The Colpitts and Hartley circuits both have a "tank," or frequency determining circuit included in the primary, or vacuum tube circuit, the only difference between these two lying in the means of grid excitation, which is accomplished in the former by capacitative, and in the latter by inductive, reactance.
The Meissner circuit differs from the Hartley circuit only in that the secondary, or antenna, circuit comprises the tank circuit, and for this reason this circuit is the least desirable of the three, since any change in the antenna constants will result in a change of frequency, which is very objectionable on the short wavelengths.
The Colpitts circuit possesses the decided advantage that the ratio of external capacity is high with respect to the internal capacities of the tube.
This relation keeps the radio frequency current values within the tube elements at a small value, thus reducing hysteresis losses in the tube insulation, and also the ensuing possibility of damage to the tube when operating on high frequencies.
When a transmitting circuit is being chosen one thing must be kept in mind: although very good results can be obtained with any circuit, a thorough knowledge of the operating characteristics of all of them is almost a prerequisite for success.
It is worth while to try them all with this end in view.
FROM a practical standpoint, the primary consideration of the beginner is usually the power tube.
High power is by no means essential for long distance work on the short wavelengths.
Single UX210's and even amplifier tubes daily connect U.S. amateurs with fellow "hams" in Australasia, Europe, and South America.
High power is necessary only to maintain absolutely reliable contacts under adverse conditions, and inversely, to lessen one's dependence on kindly fates.

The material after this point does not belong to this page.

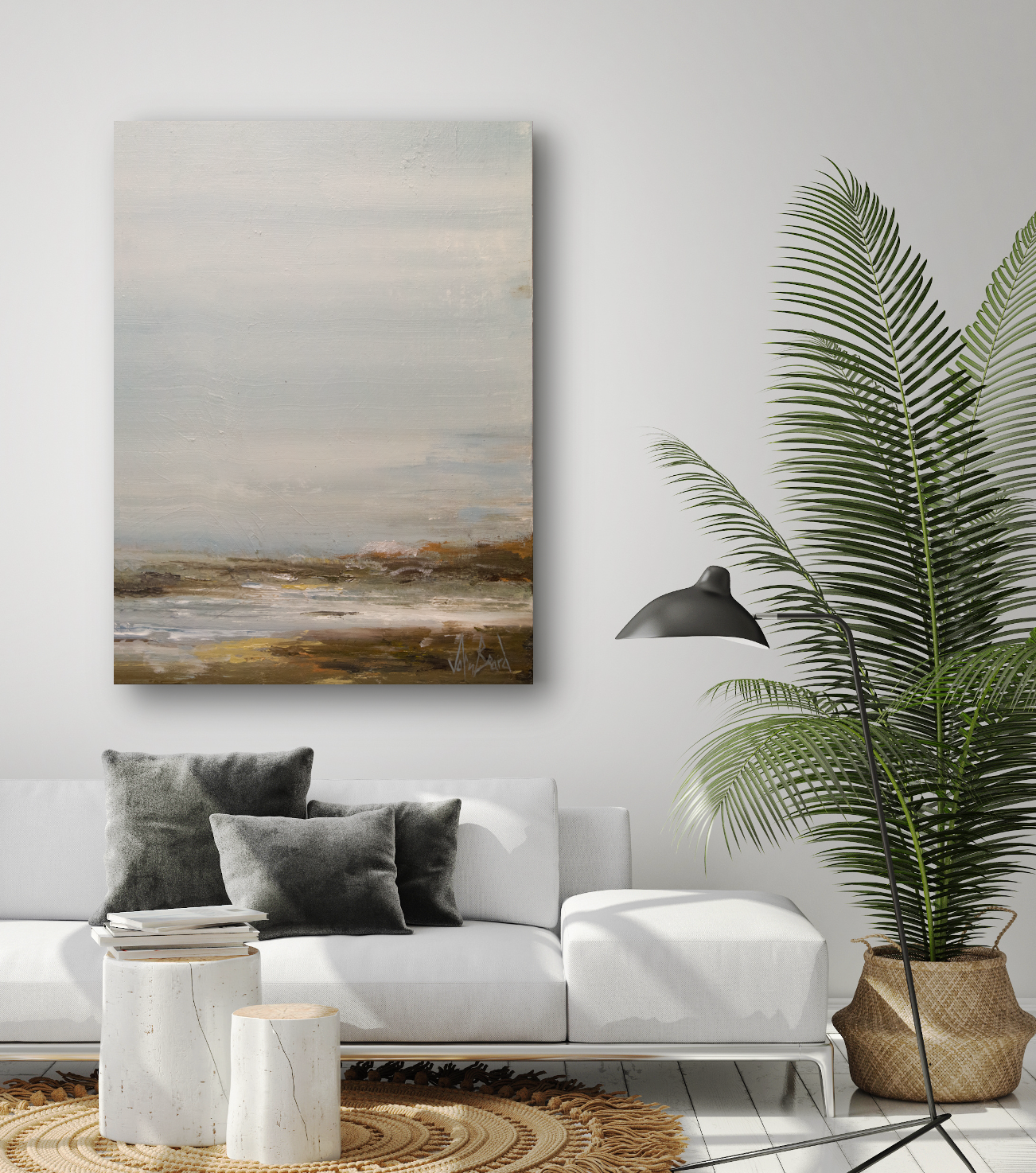 Foggy Shore Artist Enhanced Canvas Print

I would not advise a novice to commit his initial crime on anything larger than a UX210 Radiotron.
Parallel operation of tubes, at least in excess of two tubes, is highly impractical on high frequencies.

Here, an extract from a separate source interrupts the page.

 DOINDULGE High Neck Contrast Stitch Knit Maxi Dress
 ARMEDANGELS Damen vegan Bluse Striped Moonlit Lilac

The "A" type thoriated filament Radiotrons are favored above all others for high frequency oscillators.
These can be bought in different sizes with rated outputs from 7.5 to 1000 watts, according to the size of your pocketbook.
A second problem is obtaining a source of power for the transmitter.
The ideal supply is pure D.C. to plate and filament, but this can usually be only approximated in practice because of financial considerations.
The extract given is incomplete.